March 21, 2016

Romanian Lesson for Ukraine

Since the “Borysfen Intel's” experts' previous analytical article about Romania (see “Uncomplying Dual Power” in Romania /in the Ukrainian Context/” dated September 4, 2015), the situation in our neighboring country has changed significantly as a result, first of all, of a radical change of the trend in the vertical of power (from sharp confrontation between the newly elected President Klaus Johannis and the then “political” Prime Minister Victor Ponta to K. Johannis' real cooperation with the technocratic Prime Minister, former European Commissioner for agriculture Dacian Ciolos) and the national political elite's responsible attitude to internal and external challenges to the Romanian statehood.
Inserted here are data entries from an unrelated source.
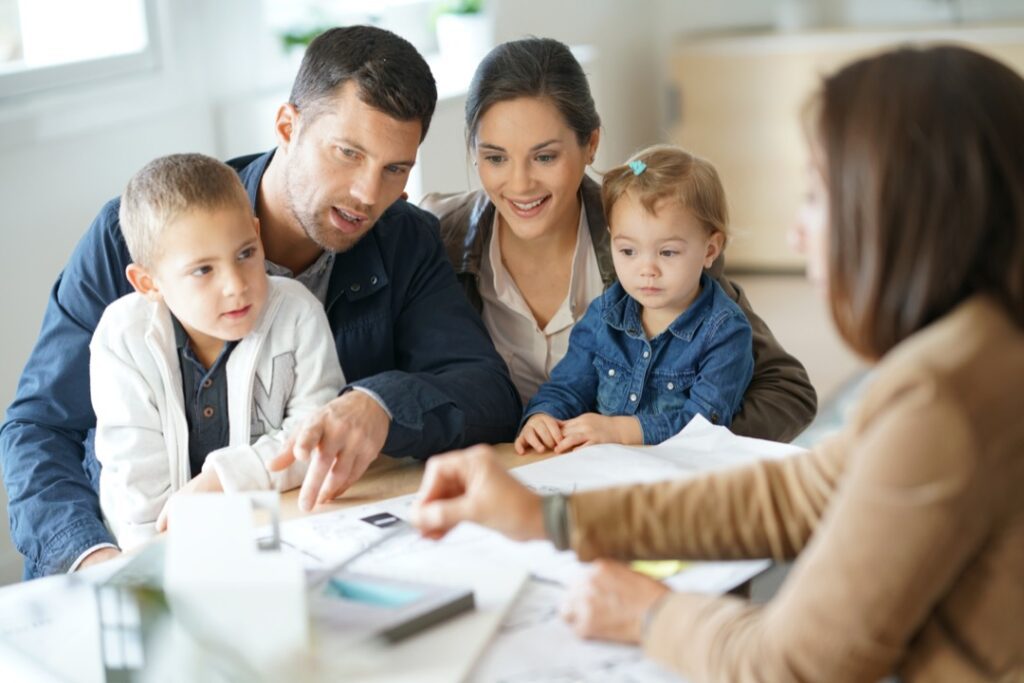 Family reviewing estate plan with children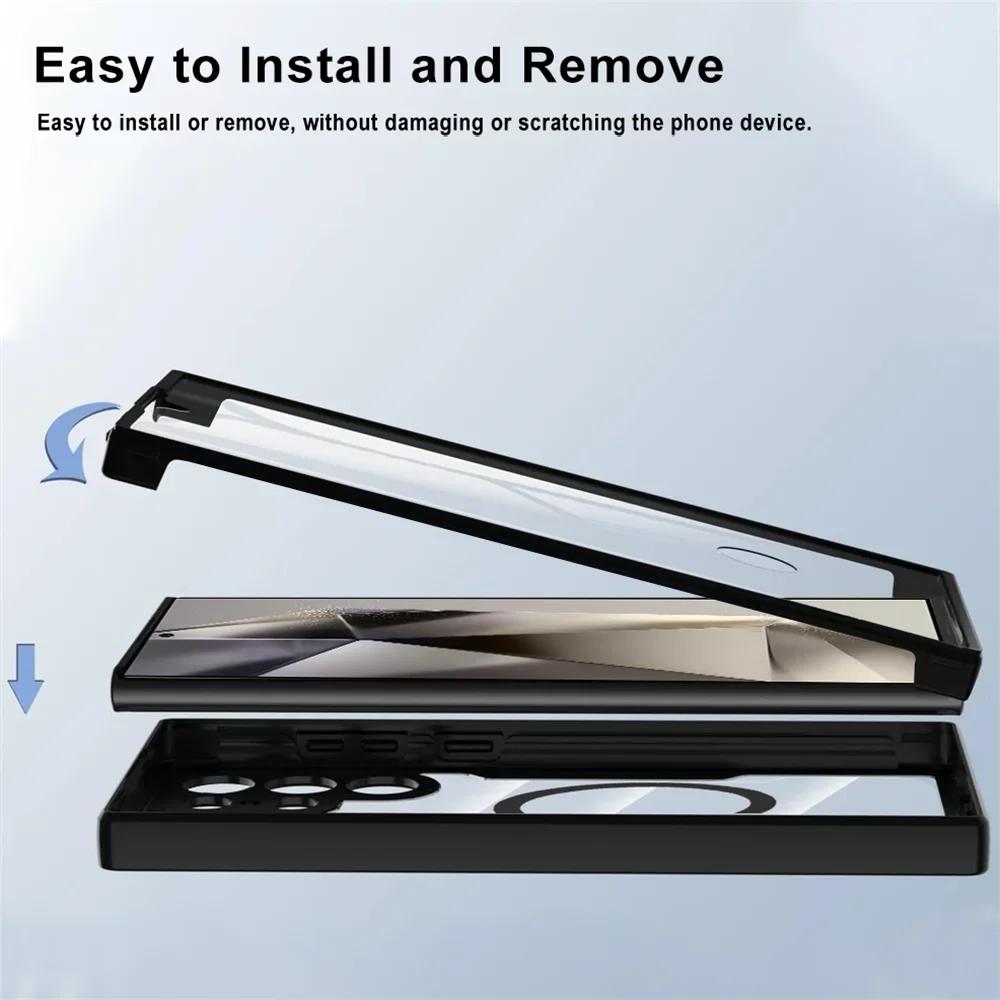 360° plně nárazuvzdorné průhledné pouzdro Magsafe pro Samsung Galaxy S24 S23 S22 Ultra Plus S21 S23FE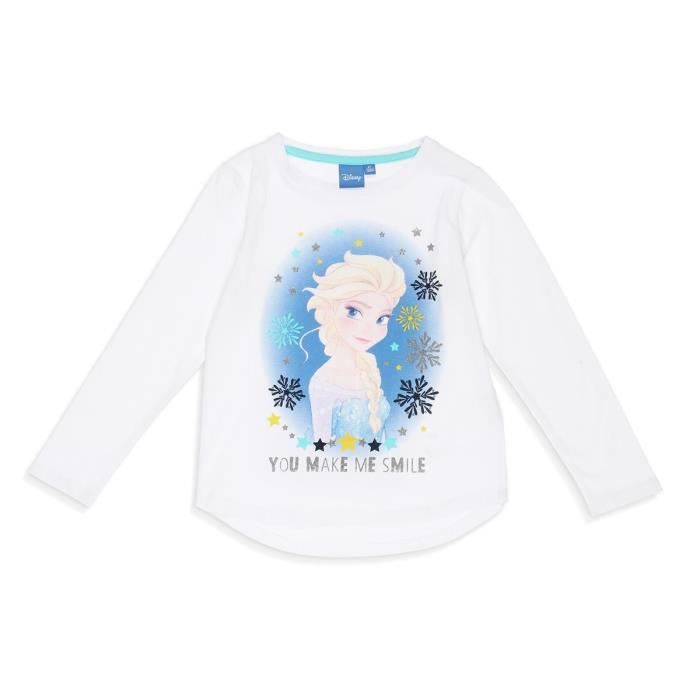 LA REINE DES NEIGES Tee-shirt Manches Longues Elsa - Enfant Fille - Blanc Imprimé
Today in the domestic political life of Romania we can observe the process of synchronization of actions of presidential and governmental branches against the background of the leading political forces' active preparation for local (May 2016) and parliamentary (November 2016) elections. It is clear that the government and political establishment's activity in the current year will be aimed at achieving electoral goals, but in the circumstances of the forecasted growth of security and migration challenges in the EU and the Black Sea and the Balkan region, the Romanian authorities in parallel demonstrate their clear understanding of ways to neutralize the latter and the importance of harmony in the actions of the executive structures.

Following the appointment in November 2015 of D. Ciolos to the post of Prime Minister, we can also see a rapid growth of his rating and credibility in the society and the formation of dominant positions of the “President-Prime Minister” tandem. Thus, according to opinion polls at the end of last year, the ratings of the President and Prime Minister had reached 53 % and 49 %, respectively. K. Johannis, using a system of extensive consultations, managed to establish a constructive dialogue not only with government officials, but also with representatives of the political elite and the public.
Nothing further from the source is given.